* DATASET SECTION *
<<<<
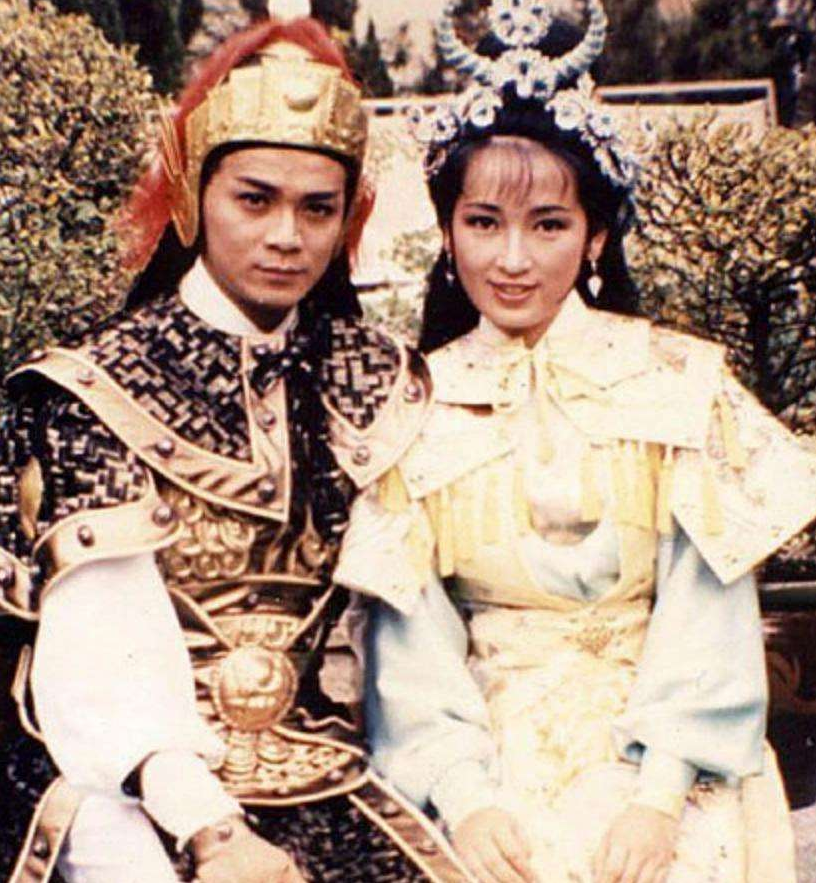 黄日华|演员黄日华：妻子去世后他发誓终身不娶，2年过去，他做到了吗？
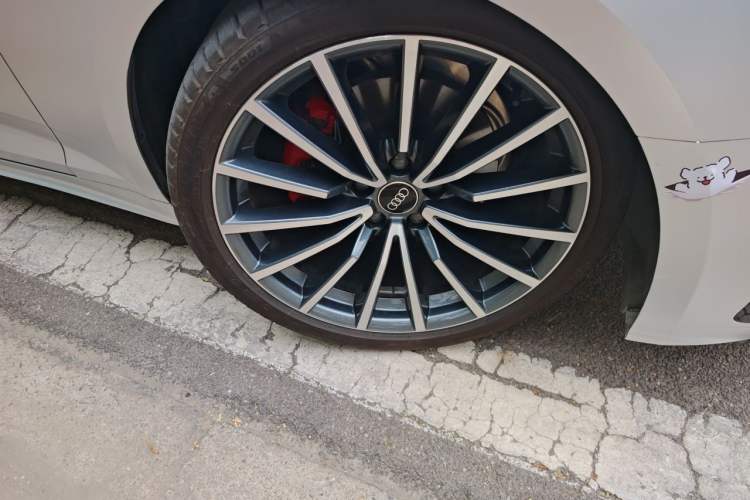 Used Audi A5 2024 Sportback 40 TFSI quattro Luxury Dynamic Model Right Front Wheel Hub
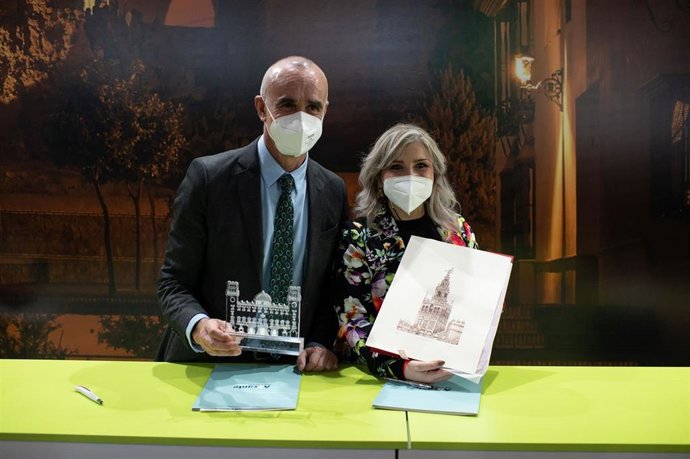 Firma del protoco de intenciones para el fomento de la actividad turística entre Sevilla y Alicante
>>>>
* WHAT THIS TASK INVOLVES *
When repeating the material above, keep every line exact and drop all pictures.

* TASK ANSWER *
 黄日华|演员黄日华：妻子去世后他发誓终身不娶，2年过去，他做到了吗？
 Used Audi A5 2024 Sportback 40 TFSI quattro Luxury Dynamic Model Right Front Wheel Hub
 Firma del protoco de intenciones para el fomento de la actividad turística entre Sevilla y Alicante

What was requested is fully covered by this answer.